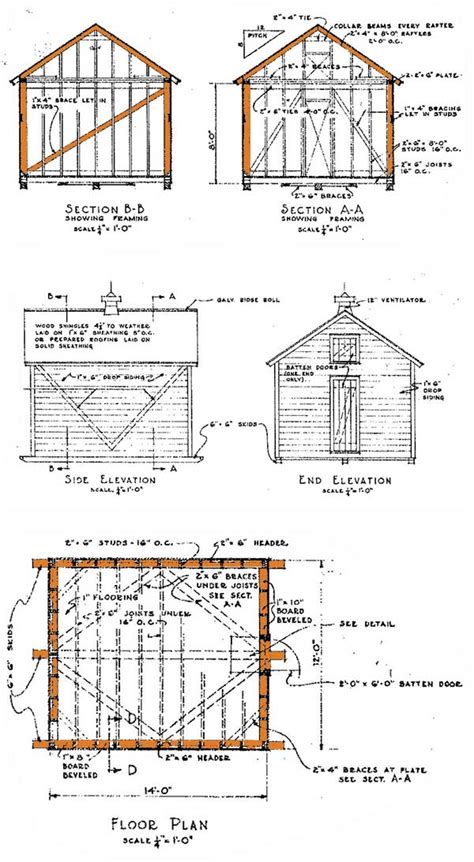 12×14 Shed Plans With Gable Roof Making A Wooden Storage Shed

:::::

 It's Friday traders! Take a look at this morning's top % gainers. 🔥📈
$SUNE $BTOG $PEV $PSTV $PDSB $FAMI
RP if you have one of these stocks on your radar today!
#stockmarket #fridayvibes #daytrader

:::::

• What you have to do: Reproduce exactly, and only, the part of the listing above that begins at the line with "It's Friday traders!" and goes on through the line with "#stockmarket #fridayvibes #daytrader".

• Exercise output:
 It's Friday traders! Take a look at this morning's top % gainers. 🔥📈
$SUNE $BTOG $PEV $PSTV $PDSB $FAMI
RP if you have one of these stocks on your radar today!
#stockmarket #fridayvibes #daytrader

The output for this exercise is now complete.